Bosch meldet ersten Verlust seit der Finanzkrise: Milliardenkosten für Stellenabbau drücken Ergebnis
Der Technologiekonzern Bosch ist im Jahr 2025 erstmals seit der Finanzkrise 2009 wieder in die roten Zahlen gerutscht. Das Ergebnis nach Steuern lag bei minus 400 Millionen Euro, wie Finanzchef Markus Forschner bei der Bilanzvorlage in Renningen bekannt gab. Im Vorjahr 2024 hatte Bosch noch einen Gewinn von 1,3 Milliarden Euro erzielt, der sich bereits halbiert hatte. Die Hauptgründe für den Einbruch sind die hohen Kosten für den Stellenabbau und zusätzliche Belastungen durch US-Zölle.

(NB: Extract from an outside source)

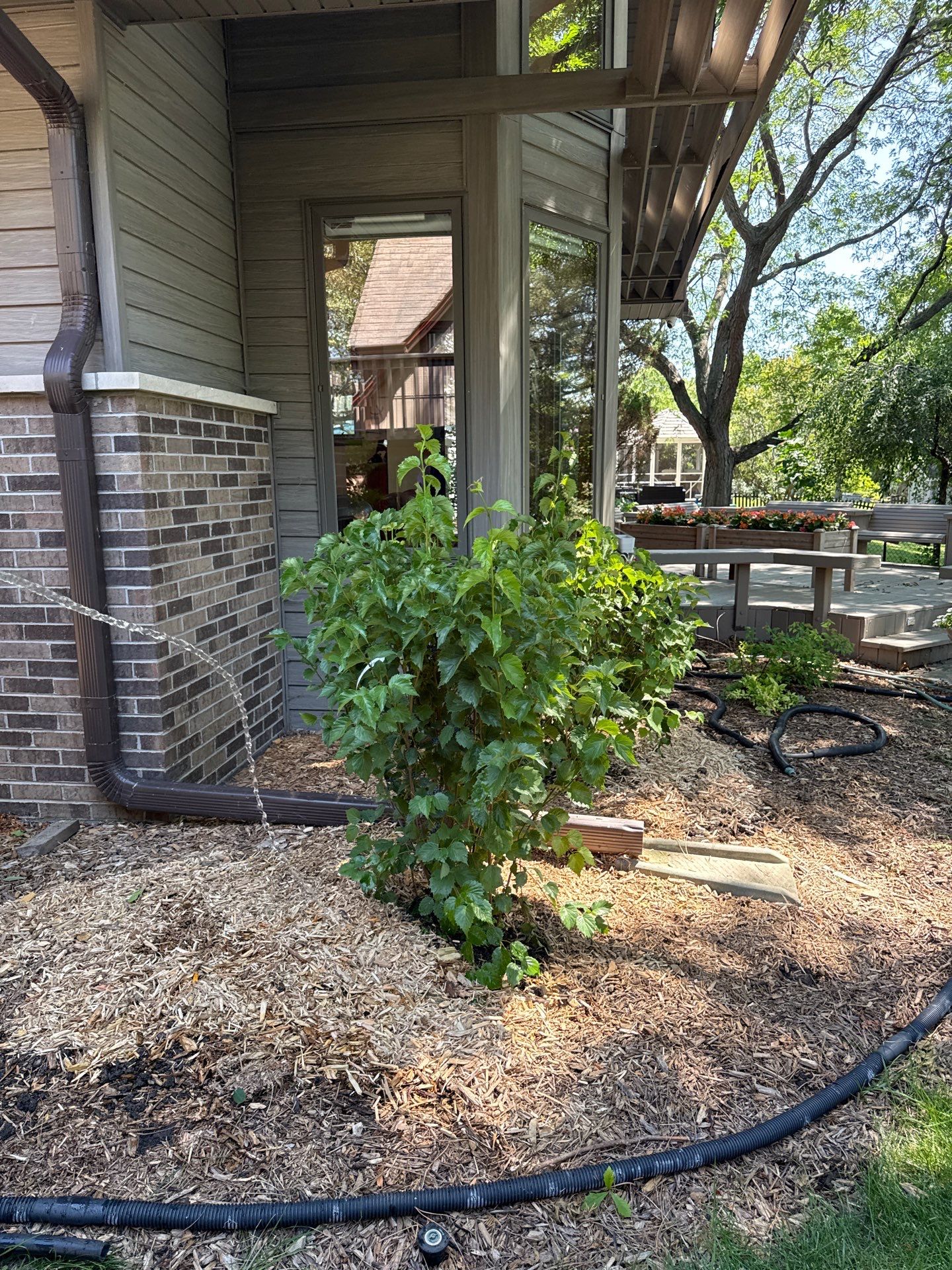 John K. - Arlington Heights, IL by A&N 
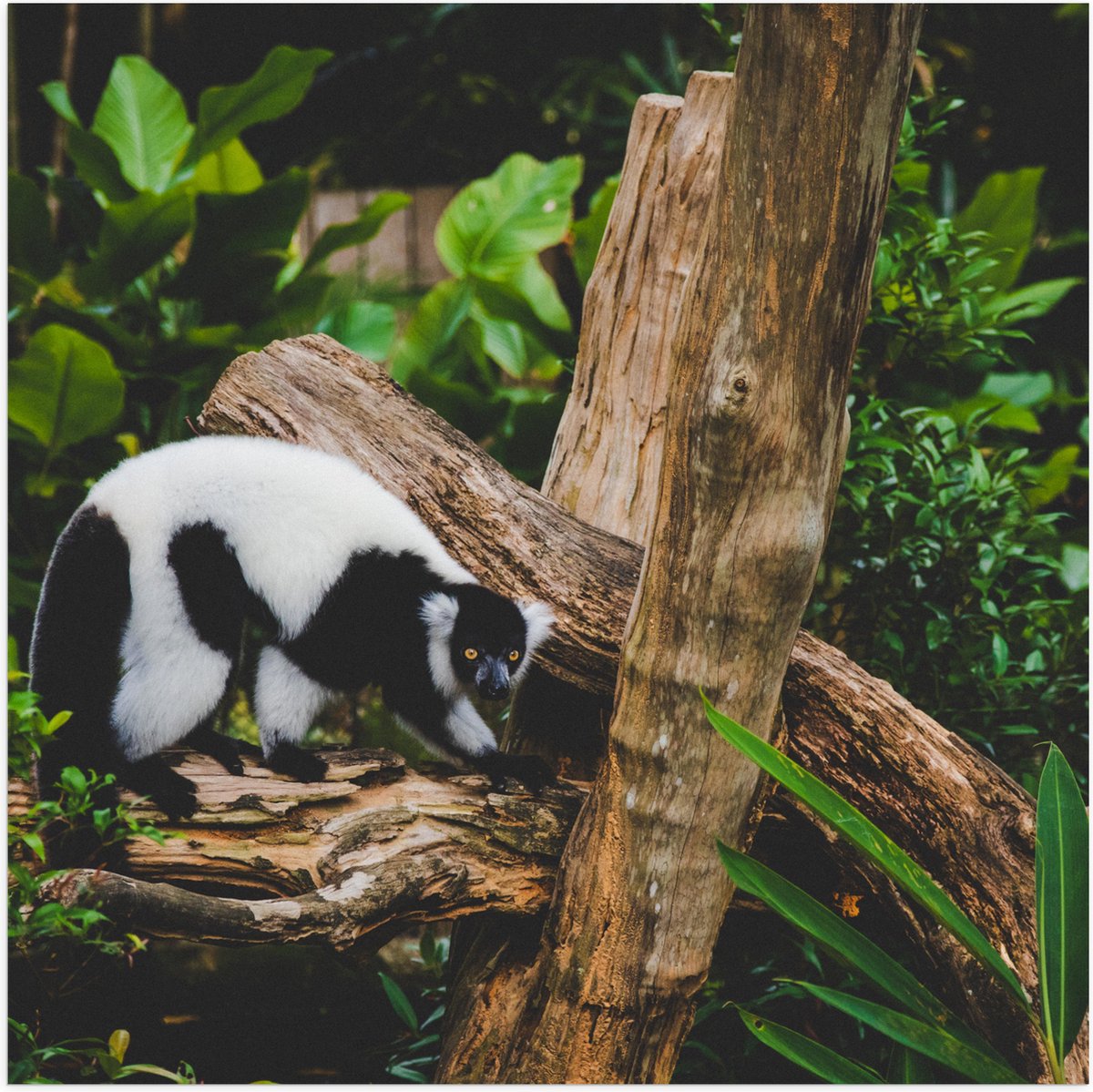 Poster (Mat) - Zwart met Witte Vari op een Boomstam - 100x100 cm Foto op Posterpapier met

Kosten für Personalabbau belasten Ergebnis mit 2,7 Milliarden Euro
Ein wesentlicher Faktor für den Verlust sind die Kosten für den Stellenabbau, die das Ergebnis mit 2,7 Milliarden Euro belastet haben, vor allem in Form von Rückstellungen. Die tatsächlichen Auszahlungen erfolgen schrittweise in den kommenden Jahren. Neben diesen Sondereffekten wirkten sich auch Wechselkursschwankungen, hohe allgemeine Kosten und zusätzliche Zölle negativ aus. Finanzchef Forschner betonte, dass das Gesamtbild stark von Einmaleffekten geprägt ist, die jenseits der eigentlichen Geschäftsentwicklung liegen.
Der bereinigte Gewinn vor Zinsen und Steuern (Ebit) brach zwar um etwa 42 Prozent ein, blieb aber mit 1,8 Milliarden Euro positiv. Der Umsatz stieg leicht auf 91,0 Milliarden Euro, was jedoch deutlich unter den eigenen Erwartungen des Unternehmens liegt. Bosch hat seine langfristigen Ziele bereits länger verschoben.
Bosch streicht Tausende Stellen, um Wettbewerbsfähigkeit zu sichern
Als weltweit größter Autozulieferer leidet Bosch nicht nur in seinem Kernbereich, sondern auch in fast allen anderen Geschäftsfeldern. Verbraucher halten sich aufgrund der aktuellen Wirtschaftslage beim Kauf von Geräten wie Kühlschränken, Backöfen, Waschmaschinen, Elektrowerkzeugen und Gartengeräten zurück. Das Unternehmen sieht sich in vielen Bereichen als nicht mehr wettbewerbsfähig an.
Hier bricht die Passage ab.